Antaeotricha incrassata

Scientific classification
- Domain: Eukaryota
- Kingdom: Animalia
- Phylum: Arthropoda
- Class: Insecta
- Order: Lepidoptera
- Family: Depressariidae
- Genus: Antaeotricha
- Species: A. incrassata
- Binomial name: Antaeotricha incrassata Meyrick, 1916

= Antaeotricha incrassata =

- Authority: Meyrick, 1916

Species of moth

Antaeotricha incrassata is a moth of the family Depressariidae. It is found in French Guiana.

The wingspan is about 21 mm. The forewings are pale fuscous suffused with white, especially towards the costa and posteriorly. The markings are dark fuscous.

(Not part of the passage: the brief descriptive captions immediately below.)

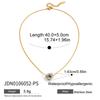 Design sense Classic style 18K gold, gold and silver color matching interlocking line winding interlocking necklace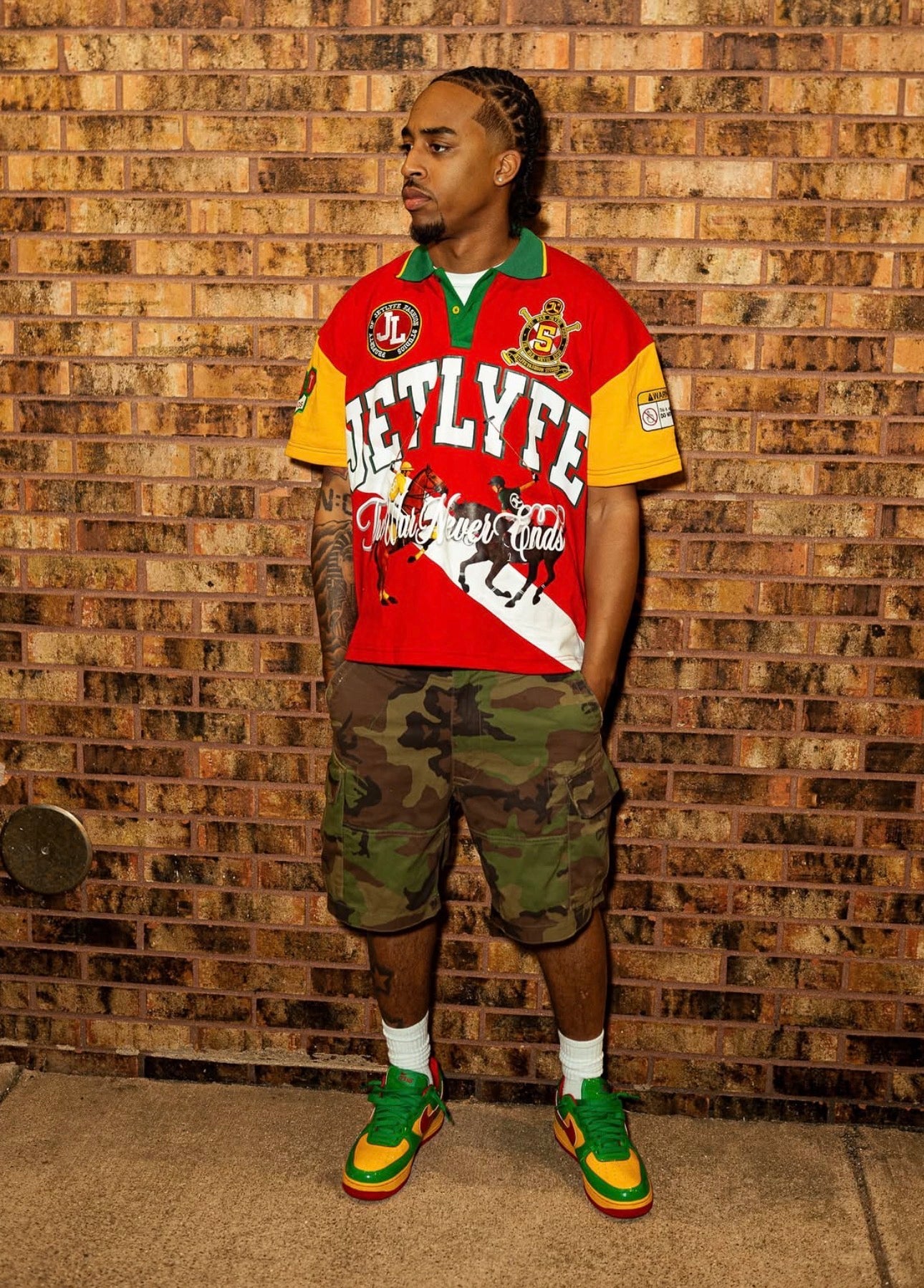 WAR NEVER ENDS POLO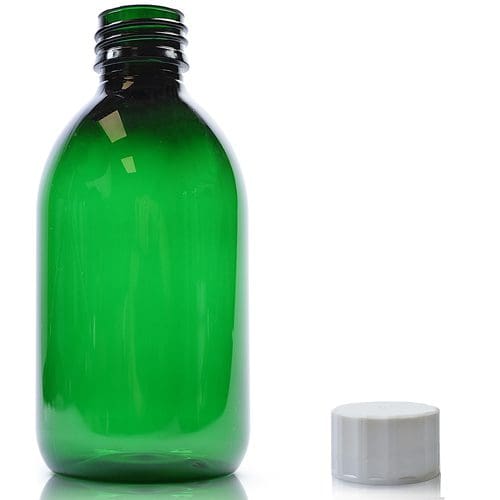 250ml Green PET Sirop Bottle With Screw Cap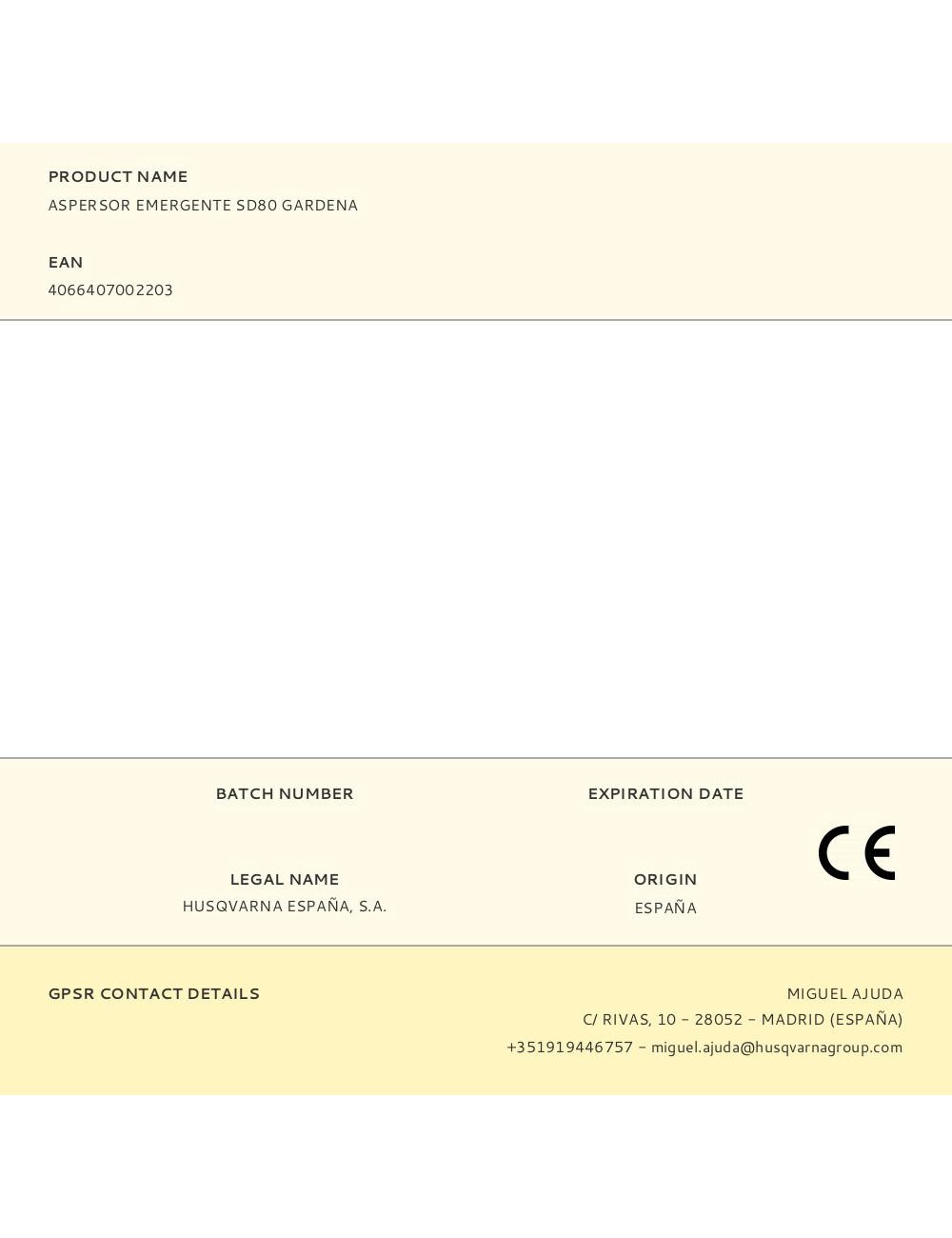 Aspersor emergente sd80 gardena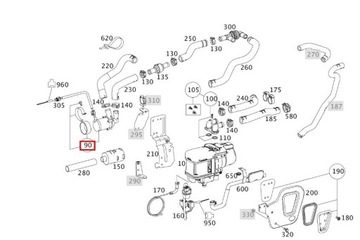 ЦИРКУЛЯЦИОННЫЙ НАСОС ACTROS MP4 A0028357664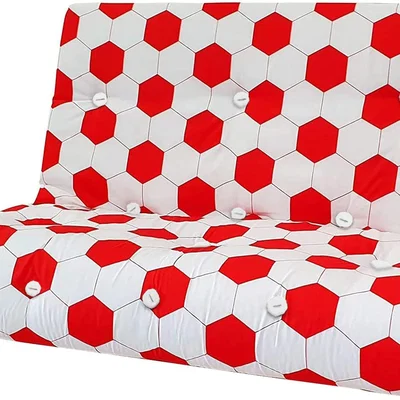 The Range 3 Seater Fibre Filled Futon Mattress - red / Small Double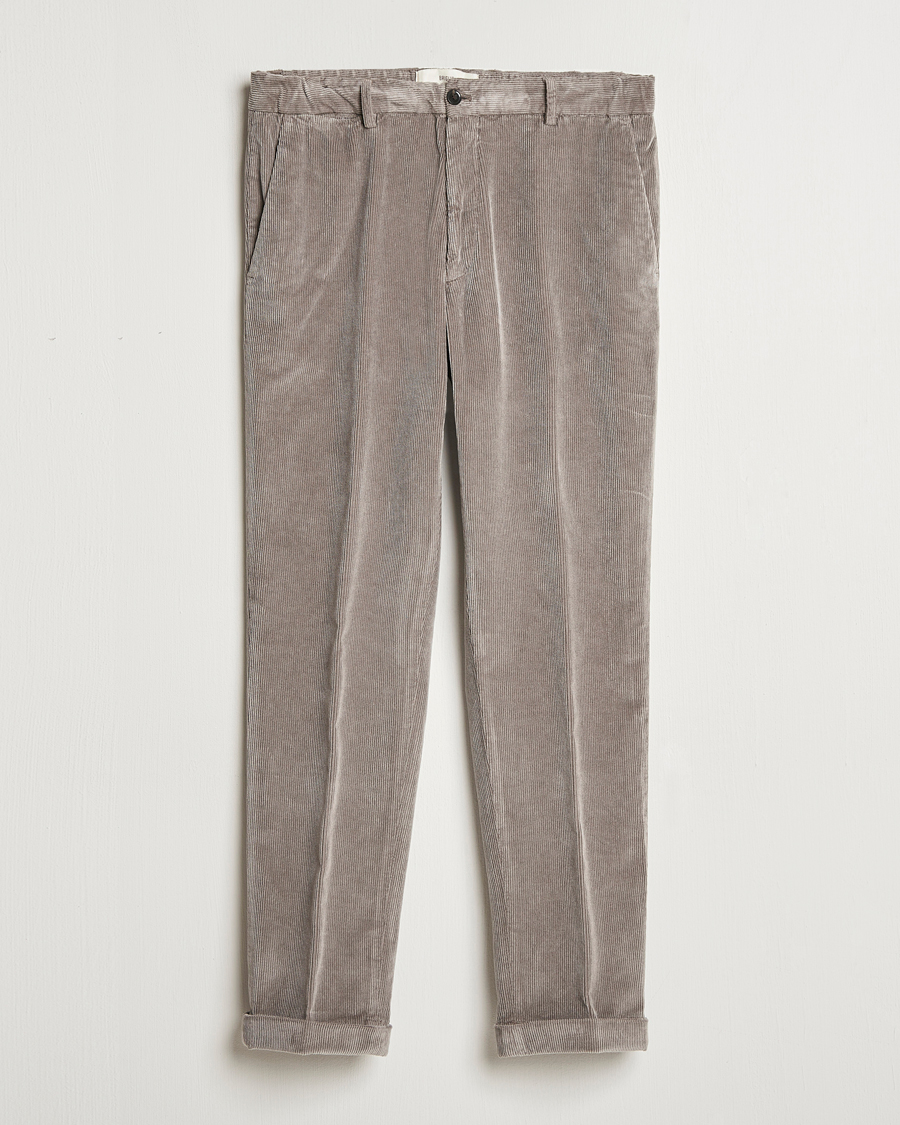 Uomini | Pantaloni | Briglia 1949 | Easy Fit Corduroy Trousers Taupe
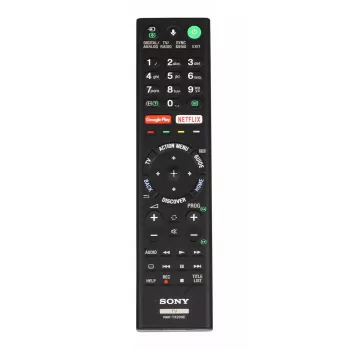 Kaukosäädin Sony RMF-TX200E Smart TV -televisioon puheohjauksella ja taustavalaistuilla painikkeilla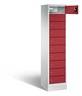 C+P Schließfachschrank Evolo, H1850xB420xT500mm, 7035/3003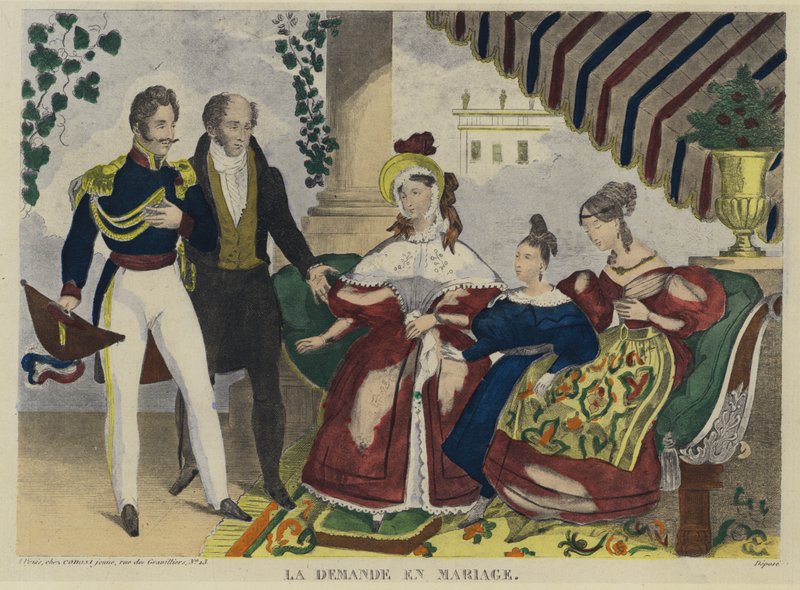 Frieriet (fargelitografi) av French School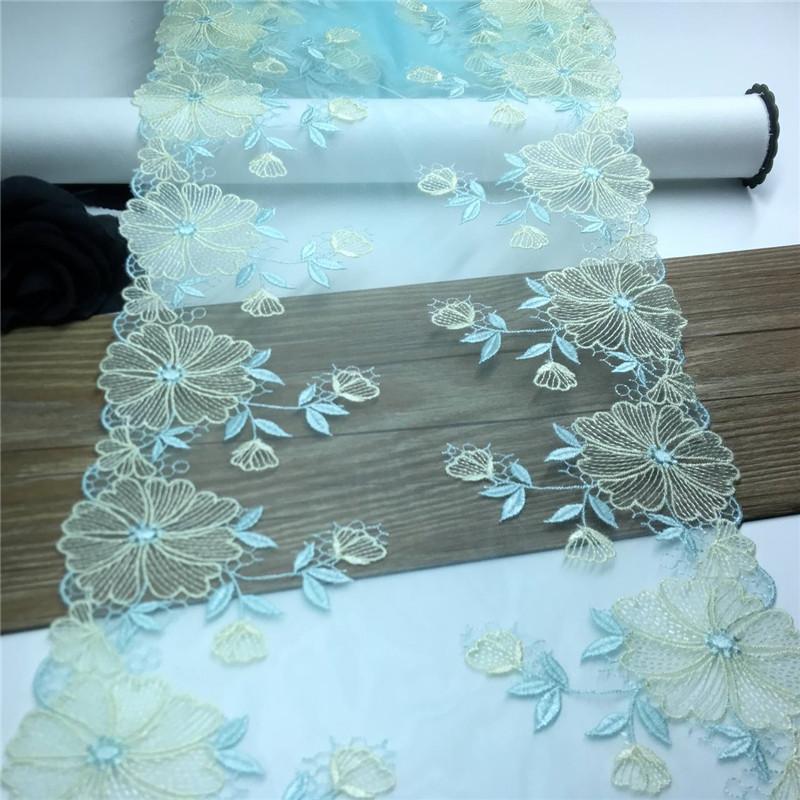 ( 2 Colors ) 1 meter x 21.5 cm Embroidery Tulle Lace, Non-stretch Net lace Trim for Lingerie, Bra, Underwear, Dress, Garment, Crafting & Sewing 1 meter x 22.5 cm світло-блакитного кольору/світло-жовтого кольору
( 2 Colors ) 1 meter x 21.5 cm Embroidery Tulle Lace, Non-stretch Net lace Trim for Lingerie, Bra, Underwear, Dress, Garment, Crafting & Sewing 1 meter x 22.5 cm світло-блакитного кольору/світло-жовтого кольору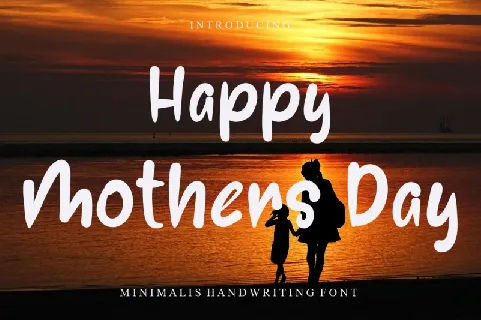 Happy Mothers Day font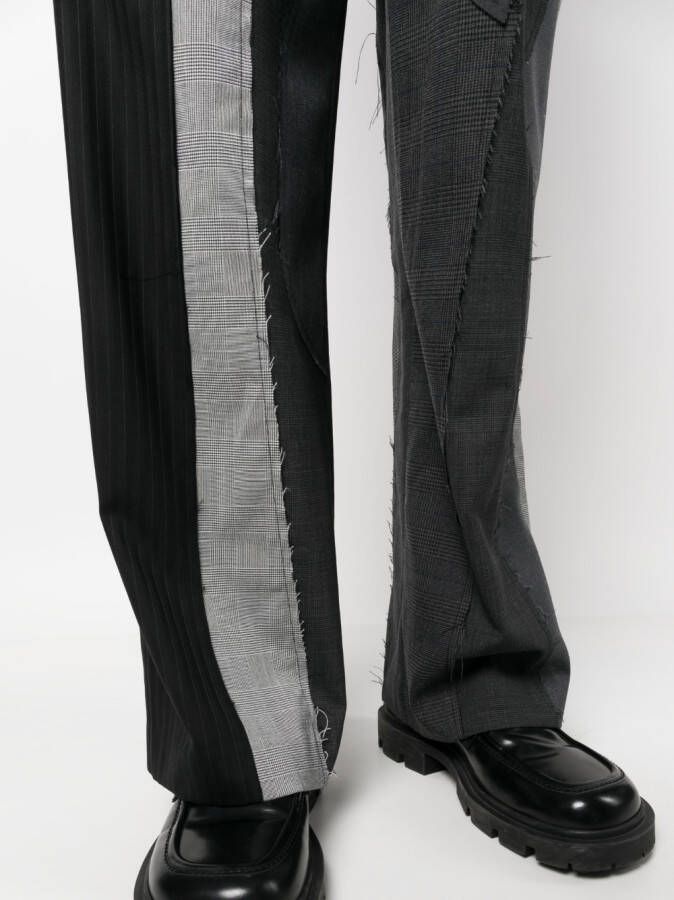 Feng Chen Wang Broek met patchwork Grijs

There is a short oblique irregular mark from the base of the costa and an oblique mark above the base of the dorsum, as well as three oblique transverse lines thickened at the extremities, the first from one-fifth of the costa to the middle of the dorsum, irregular, the second from the middle of the costa to four-fifths of the dorsum, rather irregular and the third from three-fourths of the costa to the tornus, indented above the middle, slightly curved below this, the space between this and the second line suffused with fuscous on the dorsal third. About seven marginal dots are found around the apex and termen. The hindwings are whitish, tinged with grey towards the termen. The upper part of the terminal edge is dark grey and there is a very long whitish subcostal hairpencil from the base lying beneath the forewings, reaching four-fifths of the wing.